Single by Jay-Z
- B-side: "I Can't Get Wid Dat"
- Released: 1994; July 26, 1995 (reissue);
- Recorded: 1994–95
- Genre: East Coast hip-hop; hardcore hip-hop;
- Length: 4:28
- Label: Roc-A-Fella; Payday; FFRR (reissue);
- Songwriter: Shawn Carter
- Producer: Ski

Jay-Z singles chronology
| "Show & Prove" (1994) | "In My Lifetime" (1994) | "Dead Presidents" (1996) |

Music video
- "In My Lifetime" on YouTube

= In My Lifetime (song) =

"In My Lifetime" is the debut single by American rapper Jay-Z. It is produced by Ski and contains samples from "Oh Baby" by Aretha Franklin and two Soul II Soul songs: "Back to Life (However Do You Want Me)" and "Get a Life". The original white label version of the single was sold by Jay-Z and his friend Damon Dash out of Dash's car in 1995. On July 26 2026, "In My Lifetime" was released to all streaming platforms as part of a schedule of old single releases for the 30th anniversary of his debut album, Reasonable Doubt.
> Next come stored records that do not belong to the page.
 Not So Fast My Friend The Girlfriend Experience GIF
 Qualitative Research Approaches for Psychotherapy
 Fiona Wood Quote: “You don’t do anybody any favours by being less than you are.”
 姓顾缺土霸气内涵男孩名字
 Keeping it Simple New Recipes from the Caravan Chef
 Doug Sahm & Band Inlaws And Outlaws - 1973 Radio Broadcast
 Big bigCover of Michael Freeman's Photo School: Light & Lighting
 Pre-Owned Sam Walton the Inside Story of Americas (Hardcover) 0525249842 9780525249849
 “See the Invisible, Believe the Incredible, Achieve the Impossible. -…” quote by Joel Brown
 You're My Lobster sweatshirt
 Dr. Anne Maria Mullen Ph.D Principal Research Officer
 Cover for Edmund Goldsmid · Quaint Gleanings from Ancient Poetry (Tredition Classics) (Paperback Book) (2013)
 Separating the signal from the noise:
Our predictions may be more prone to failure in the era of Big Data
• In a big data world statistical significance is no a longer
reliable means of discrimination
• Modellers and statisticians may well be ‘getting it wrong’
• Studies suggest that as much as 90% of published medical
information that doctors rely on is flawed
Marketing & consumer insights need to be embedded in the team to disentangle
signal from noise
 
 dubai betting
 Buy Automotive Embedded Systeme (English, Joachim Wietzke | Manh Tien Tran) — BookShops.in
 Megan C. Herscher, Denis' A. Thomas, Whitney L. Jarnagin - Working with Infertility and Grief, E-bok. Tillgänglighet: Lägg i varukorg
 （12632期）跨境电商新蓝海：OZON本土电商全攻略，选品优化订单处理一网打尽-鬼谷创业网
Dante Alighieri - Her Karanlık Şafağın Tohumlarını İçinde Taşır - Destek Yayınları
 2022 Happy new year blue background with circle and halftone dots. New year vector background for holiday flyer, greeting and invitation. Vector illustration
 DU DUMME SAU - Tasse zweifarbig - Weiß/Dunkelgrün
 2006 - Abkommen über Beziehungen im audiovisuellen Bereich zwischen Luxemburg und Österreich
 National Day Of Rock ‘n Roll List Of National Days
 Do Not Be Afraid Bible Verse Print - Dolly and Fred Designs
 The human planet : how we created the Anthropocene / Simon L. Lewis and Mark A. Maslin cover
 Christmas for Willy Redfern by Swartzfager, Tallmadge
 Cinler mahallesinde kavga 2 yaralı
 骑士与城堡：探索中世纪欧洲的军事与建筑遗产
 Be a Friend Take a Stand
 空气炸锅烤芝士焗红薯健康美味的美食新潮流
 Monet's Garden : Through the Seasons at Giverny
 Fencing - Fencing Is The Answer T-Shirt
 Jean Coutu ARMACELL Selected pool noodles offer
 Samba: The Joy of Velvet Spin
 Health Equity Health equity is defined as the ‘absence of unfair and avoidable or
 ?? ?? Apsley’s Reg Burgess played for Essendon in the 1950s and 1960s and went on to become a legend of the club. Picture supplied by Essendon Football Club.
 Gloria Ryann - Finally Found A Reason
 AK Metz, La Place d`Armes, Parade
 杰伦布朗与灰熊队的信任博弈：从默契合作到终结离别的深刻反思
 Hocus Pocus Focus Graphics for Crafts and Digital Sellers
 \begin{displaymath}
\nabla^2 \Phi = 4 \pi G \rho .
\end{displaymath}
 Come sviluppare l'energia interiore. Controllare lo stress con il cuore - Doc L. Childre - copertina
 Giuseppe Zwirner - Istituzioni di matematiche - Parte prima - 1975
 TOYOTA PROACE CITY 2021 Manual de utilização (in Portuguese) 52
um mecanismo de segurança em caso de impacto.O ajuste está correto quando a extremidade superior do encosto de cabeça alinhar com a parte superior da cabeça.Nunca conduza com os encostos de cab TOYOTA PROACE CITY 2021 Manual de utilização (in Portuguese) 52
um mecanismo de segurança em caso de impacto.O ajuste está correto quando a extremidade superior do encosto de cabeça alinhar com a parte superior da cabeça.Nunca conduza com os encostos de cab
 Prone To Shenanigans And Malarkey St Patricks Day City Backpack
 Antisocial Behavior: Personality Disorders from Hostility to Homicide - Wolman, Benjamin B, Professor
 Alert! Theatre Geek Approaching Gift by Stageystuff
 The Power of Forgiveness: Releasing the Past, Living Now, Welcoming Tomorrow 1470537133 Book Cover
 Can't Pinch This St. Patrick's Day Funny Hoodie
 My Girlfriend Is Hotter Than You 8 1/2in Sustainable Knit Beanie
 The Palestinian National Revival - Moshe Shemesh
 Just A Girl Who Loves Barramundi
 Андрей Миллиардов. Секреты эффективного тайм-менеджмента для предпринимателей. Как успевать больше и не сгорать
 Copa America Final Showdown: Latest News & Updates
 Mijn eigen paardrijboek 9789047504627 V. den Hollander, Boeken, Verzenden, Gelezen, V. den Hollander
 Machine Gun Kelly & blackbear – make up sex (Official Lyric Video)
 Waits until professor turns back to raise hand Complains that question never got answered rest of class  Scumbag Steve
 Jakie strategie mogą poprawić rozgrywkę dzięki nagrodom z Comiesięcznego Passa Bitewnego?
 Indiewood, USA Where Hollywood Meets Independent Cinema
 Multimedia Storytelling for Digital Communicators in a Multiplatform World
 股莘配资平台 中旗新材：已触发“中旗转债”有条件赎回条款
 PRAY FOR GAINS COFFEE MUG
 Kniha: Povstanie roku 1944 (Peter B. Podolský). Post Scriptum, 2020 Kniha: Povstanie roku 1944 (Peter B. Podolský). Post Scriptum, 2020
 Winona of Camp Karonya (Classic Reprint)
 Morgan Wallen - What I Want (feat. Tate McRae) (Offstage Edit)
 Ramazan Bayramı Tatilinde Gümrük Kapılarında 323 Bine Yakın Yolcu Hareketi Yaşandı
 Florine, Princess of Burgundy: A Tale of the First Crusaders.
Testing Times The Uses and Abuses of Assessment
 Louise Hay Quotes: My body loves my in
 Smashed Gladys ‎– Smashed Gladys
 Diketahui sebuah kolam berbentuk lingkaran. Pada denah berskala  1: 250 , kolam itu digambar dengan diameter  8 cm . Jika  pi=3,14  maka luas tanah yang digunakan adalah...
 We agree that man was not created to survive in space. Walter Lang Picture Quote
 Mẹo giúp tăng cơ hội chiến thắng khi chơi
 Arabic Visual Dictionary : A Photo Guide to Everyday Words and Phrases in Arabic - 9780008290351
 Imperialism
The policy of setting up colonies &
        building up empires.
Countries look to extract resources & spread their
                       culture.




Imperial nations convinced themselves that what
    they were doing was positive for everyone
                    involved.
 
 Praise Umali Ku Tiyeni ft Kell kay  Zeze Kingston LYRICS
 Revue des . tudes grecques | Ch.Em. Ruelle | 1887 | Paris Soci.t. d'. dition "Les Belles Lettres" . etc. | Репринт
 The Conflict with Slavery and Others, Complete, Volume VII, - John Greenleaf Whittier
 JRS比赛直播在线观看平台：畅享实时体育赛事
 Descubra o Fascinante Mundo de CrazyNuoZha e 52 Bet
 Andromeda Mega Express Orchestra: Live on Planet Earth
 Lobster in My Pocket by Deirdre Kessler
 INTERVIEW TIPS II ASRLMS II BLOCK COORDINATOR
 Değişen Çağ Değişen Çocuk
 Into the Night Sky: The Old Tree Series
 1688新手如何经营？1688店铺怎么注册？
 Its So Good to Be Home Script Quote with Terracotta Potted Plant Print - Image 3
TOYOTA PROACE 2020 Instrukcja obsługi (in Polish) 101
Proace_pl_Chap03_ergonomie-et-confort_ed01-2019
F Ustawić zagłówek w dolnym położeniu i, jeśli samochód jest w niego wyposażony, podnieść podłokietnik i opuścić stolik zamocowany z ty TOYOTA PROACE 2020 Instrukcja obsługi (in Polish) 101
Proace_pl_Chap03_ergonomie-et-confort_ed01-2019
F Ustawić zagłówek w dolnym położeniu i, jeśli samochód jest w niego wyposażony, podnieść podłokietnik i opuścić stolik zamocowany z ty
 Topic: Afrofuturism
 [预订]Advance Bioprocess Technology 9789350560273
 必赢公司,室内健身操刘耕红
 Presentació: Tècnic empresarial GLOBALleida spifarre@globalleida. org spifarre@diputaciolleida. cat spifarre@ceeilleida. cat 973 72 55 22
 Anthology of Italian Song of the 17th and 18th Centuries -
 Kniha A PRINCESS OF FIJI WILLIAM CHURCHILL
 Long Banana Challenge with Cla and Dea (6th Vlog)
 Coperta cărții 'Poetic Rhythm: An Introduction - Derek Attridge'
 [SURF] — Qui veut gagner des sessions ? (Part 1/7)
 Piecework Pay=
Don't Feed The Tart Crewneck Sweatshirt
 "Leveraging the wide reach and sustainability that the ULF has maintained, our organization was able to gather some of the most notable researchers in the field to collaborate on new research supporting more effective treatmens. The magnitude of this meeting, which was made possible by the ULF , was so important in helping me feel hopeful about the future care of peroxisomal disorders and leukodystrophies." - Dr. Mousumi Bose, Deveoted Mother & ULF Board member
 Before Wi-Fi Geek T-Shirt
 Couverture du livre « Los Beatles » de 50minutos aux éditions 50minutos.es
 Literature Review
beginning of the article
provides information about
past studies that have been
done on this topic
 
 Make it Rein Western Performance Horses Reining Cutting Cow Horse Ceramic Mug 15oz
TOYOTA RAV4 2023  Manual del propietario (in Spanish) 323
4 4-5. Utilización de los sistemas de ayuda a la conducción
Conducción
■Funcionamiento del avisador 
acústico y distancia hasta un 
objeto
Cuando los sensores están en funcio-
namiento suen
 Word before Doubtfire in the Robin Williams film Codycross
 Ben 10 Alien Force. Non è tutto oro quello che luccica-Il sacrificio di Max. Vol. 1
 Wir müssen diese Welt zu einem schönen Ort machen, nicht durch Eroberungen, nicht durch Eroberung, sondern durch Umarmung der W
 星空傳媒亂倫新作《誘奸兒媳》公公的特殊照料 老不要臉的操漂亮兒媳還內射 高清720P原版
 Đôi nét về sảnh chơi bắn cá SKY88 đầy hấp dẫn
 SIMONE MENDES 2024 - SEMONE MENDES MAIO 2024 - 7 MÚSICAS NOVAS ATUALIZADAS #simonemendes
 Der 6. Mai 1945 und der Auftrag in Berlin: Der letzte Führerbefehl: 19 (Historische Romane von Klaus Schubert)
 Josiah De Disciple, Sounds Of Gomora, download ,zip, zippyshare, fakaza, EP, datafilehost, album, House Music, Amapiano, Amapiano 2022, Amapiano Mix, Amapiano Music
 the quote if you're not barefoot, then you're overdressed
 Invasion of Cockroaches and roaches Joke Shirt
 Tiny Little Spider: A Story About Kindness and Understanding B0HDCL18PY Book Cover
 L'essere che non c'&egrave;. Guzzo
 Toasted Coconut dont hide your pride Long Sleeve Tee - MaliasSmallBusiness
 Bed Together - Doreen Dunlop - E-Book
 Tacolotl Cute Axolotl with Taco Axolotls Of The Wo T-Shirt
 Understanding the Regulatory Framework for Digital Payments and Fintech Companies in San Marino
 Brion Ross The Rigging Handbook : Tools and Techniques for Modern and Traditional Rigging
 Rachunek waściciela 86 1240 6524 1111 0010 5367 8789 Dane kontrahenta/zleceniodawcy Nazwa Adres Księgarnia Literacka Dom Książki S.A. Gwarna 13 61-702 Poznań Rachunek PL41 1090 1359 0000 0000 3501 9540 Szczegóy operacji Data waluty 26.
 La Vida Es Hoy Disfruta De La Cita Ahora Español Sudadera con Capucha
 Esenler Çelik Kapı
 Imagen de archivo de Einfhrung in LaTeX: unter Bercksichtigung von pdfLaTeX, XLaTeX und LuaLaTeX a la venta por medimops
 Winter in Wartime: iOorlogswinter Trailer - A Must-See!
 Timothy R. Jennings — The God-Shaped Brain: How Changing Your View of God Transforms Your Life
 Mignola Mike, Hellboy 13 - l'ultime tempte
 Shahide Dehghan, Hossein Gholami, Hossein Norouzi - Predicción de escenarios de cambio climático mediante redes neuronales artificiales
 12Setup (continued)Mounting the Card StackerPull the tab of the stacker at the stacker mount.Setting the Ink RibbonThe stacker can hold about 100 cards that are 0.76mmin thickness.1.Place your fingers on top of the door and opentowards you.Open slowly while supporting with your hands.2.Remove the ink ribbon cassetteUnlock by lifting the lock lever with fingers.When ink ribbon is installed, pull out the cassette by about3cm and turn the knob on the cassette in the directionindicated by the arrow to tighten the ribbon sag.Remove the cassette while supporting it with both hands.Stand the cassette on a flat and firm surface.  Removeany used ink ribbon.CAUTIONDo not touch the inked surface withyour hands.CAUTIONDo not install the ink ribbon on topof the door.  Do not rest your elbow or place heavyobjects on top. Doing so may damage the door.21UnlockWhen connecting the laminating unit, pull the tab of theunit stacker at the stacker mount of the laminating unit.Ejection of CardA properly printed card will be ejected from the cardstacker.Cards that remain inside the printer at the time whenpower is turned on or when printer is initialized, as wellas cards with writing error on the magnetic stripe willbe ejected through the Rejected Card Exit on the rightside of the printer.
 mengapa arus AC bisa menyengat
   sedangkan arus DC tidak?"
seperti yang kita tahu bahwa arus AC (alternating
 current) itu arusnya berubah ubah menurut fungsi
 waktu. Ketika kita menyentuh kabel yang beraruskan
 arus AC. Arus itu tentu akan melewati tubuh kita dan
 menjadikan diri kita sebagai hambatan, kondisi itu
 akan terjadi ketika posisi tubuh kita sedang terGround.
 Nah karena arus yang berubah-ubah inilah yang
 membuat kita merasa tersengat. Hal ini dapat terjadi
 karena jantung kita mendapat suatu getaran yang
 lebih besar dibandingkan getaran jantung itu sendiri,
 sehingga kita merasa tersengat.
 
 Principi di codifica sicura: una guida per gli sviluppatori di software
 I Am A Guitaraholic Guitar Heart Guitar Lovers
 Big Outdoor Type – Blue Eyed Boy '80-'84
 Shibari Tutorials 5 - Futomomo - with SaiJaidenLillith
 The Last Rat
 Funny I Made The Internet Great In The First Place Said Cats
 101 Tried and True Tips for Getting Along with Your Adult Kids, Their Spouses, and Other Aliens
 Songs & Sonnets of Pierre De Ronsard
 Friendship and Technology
 It was originally released as an indie label release by Roc-A-Fella Records in 1994, then later re-released on Payday Records in 1995. However, Jay-Z had royalty conflicts with the label and soon decided to grow Roc-A-Fella Records. The single features a remix by Big Jaz and the B-side, "Can't Get Wid That" produced by Clark Kent. The song is not featured on either of Jay-Z's first two albums, but the Big Jaz remix is featured on the Streets Is Watching soundtrack.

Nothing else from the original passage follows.